» **Problem statement**
Copy the data that follows, character for character, minus the pictures.

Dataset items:
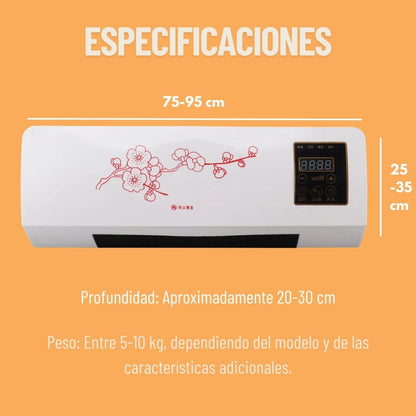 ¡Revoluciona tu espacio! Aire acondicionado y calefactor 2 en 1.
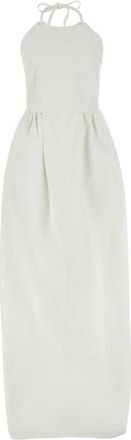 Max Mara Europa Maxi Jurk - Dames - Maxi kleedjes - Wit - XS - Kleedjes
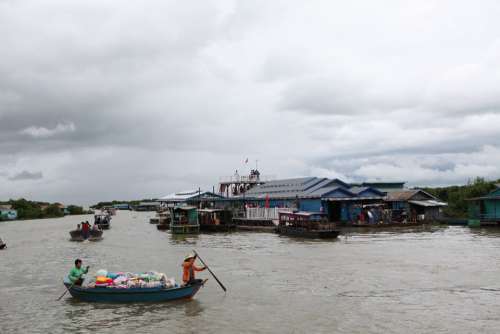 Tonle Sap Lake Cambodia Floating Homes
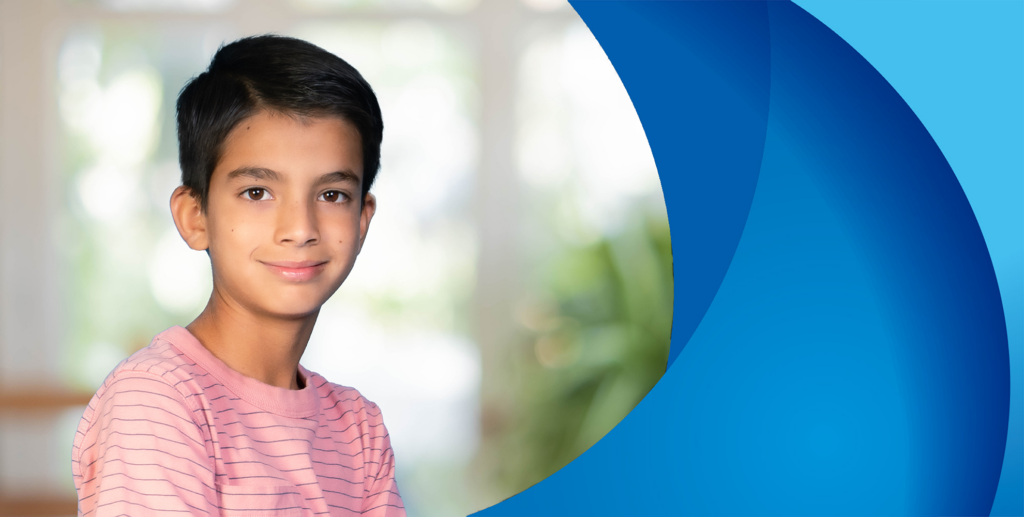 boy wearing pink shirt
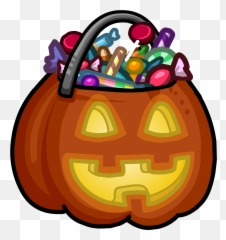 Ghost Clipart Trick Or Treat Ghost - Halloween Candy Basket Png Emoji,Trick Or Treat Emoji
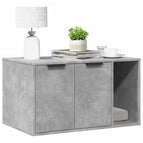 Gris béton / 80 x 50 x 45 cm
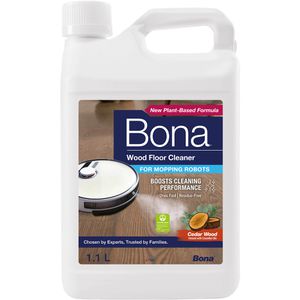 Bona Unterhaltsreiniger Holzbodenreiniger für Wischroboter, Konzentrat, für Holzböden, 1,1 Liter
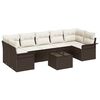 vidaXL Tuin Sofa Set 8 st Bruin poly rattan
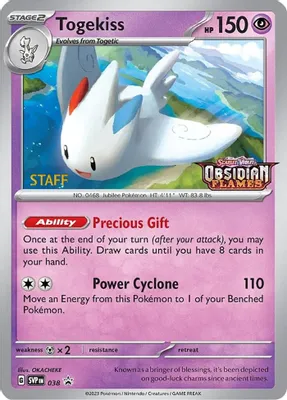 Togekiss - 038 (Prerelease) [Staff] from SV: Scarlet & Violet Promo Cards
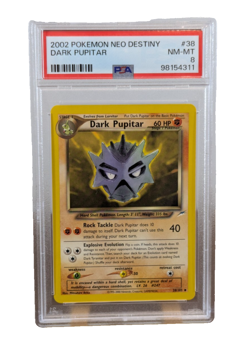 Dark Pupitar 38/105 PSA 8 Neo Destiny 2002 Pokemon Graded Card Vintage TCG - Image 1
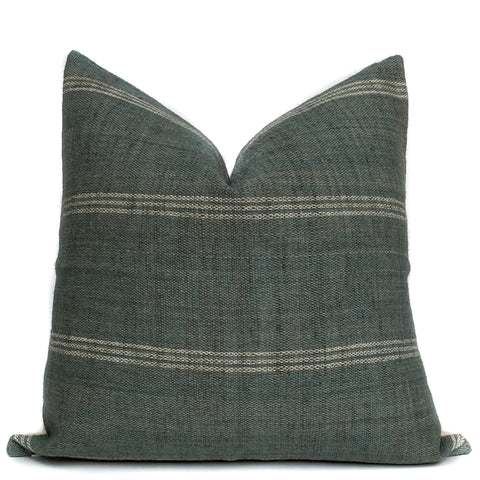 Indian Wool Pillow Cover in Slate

» **Task response**
 ¡Revoluciona tu espacio! Aire acondicionado y calefactor 2 en 1.
 Max Mara Europa Maxi Jurk - Dames - Maxi kleedjes - Wit - XS - Kleedjes
 Tonle Sap Lake Cambodia Floating Homes
 boy wearing pink shirt
 Ghost Clipart Trick Or Treat Ghost - Halloween Candy Basket Png Emoji,Trick Or Treat Emoji
 Gris béton / 80 x 50 x 45 cm
 Bona Unterhaltsreiniger Holzbodenreiniger für Wischroboter, Konzentrat, für Holzböden, 1,1 Liter
 vidaXL Tuin Sofa Set 8 st Bruin poly rattan
 Togekiss - 038 (Prerelease) [Staff] from SV: Scarlet & Violet Promo Cards
 Dark Pupitar 38/105 PSA 8 Neo Destiny 2002 Pokemon Graded Card Vintage TCG - Image 1
 Indian Wool Pillow Cover in Slate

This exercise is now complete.